▼▼▼

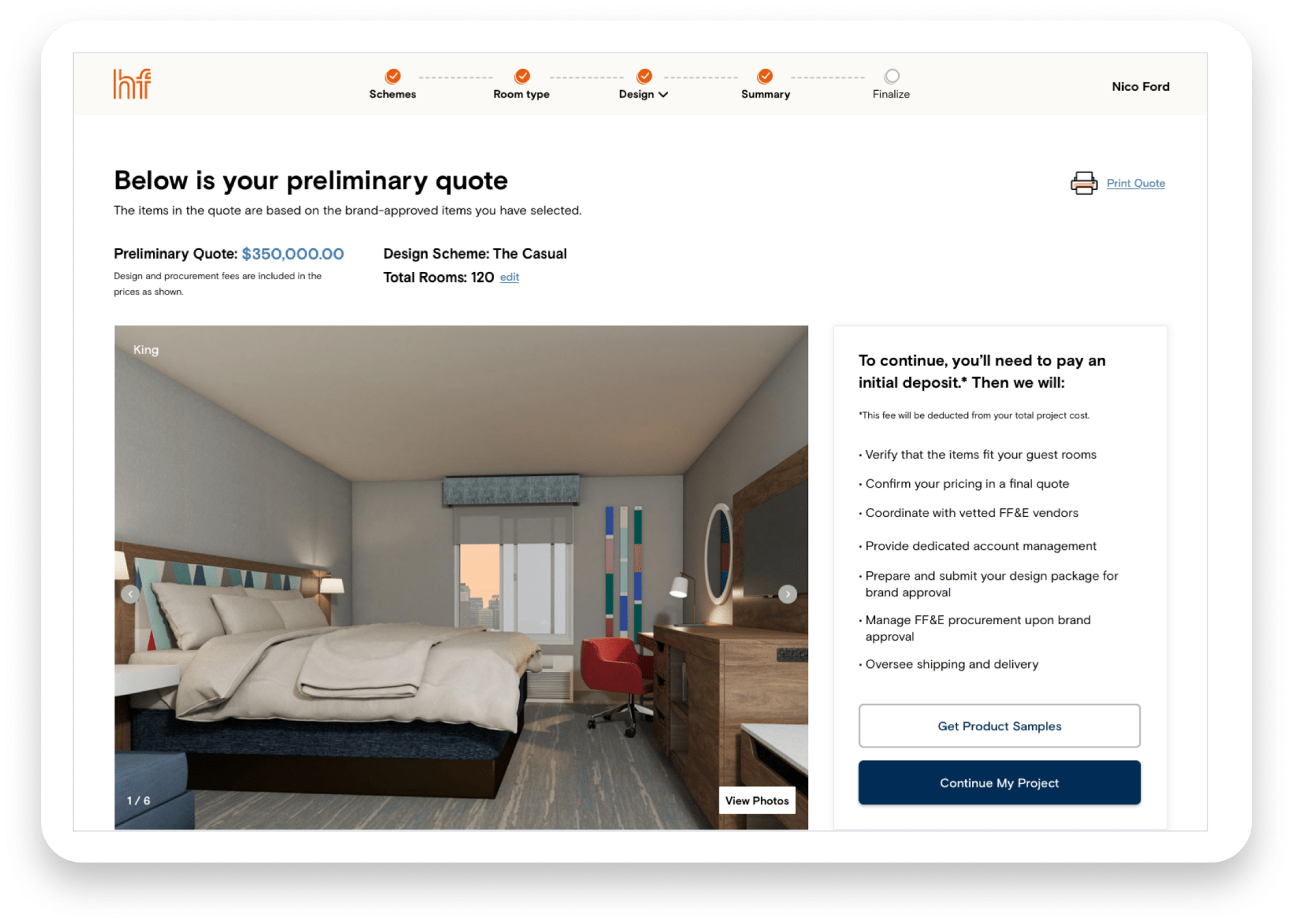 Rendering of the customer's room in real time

▲▲▲
▼▼▼

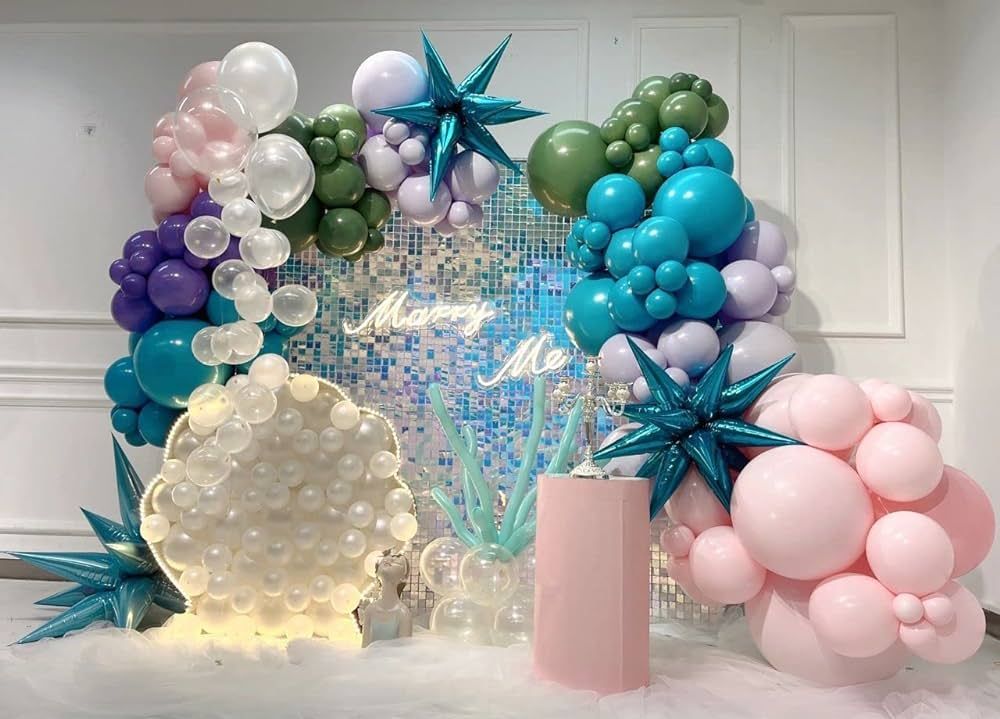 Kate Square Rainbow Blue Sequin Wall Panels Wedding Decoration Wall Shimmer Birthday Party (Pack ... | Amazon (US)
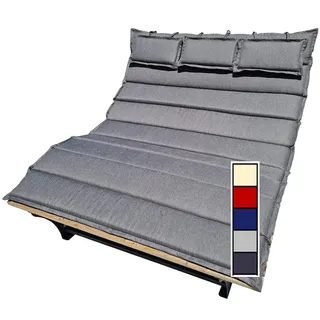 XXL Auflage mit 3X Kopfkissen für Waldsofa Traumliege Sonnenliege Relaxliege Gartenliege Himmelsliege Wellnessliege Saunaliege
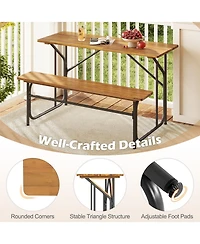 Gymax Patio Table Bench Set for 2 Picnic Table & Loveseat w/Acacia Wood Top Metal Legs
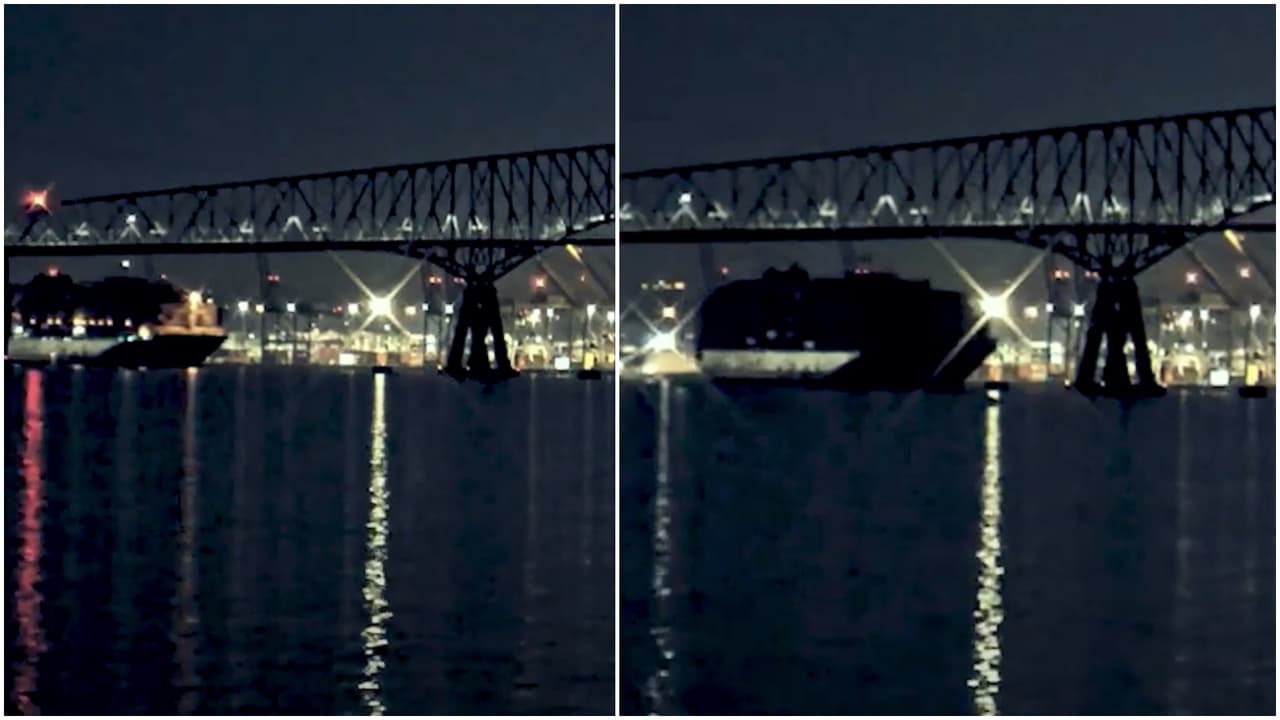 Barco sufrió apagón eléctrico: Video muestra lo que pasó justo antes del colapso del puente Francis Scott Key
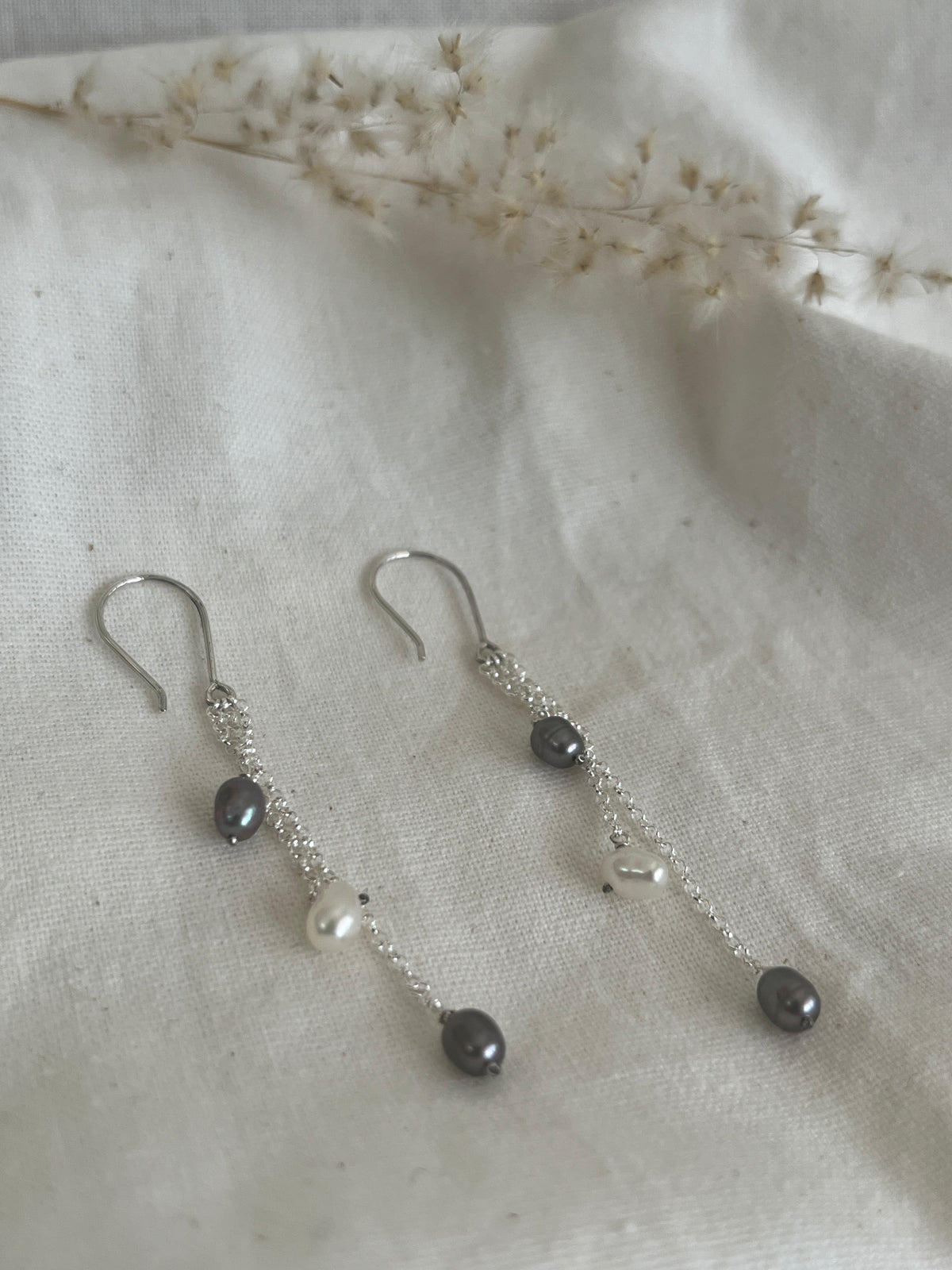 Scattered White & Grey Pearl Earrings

▲▲▲

• [ASSIGNMENT]: Transcribe exactly the lines above, beginning at the one with "XXL Auflage mit" and going up to and including the one with "Scattered White & Grey Pearl Earrings". Pictures do not belong in the copy.

• [PROBLEM SOLUTION]:
 XXL Auflage mit 3X Kopfkissen für Waldsofa Traumliege Sonnenliege Relaxliege Gartenliege Himmelsliege Wellnessliege Saunaliege
 Gymax Patio Table Bench Set for 2 Picnic Table & Loveseat w/Acacia Wood Top Metal Legs
 Barco sufrió apagón eléctrico: Video muestra lo que pasó justo antes del colapso del puente Francis Scott Key
 Scattered White & Grey Pearl Earrings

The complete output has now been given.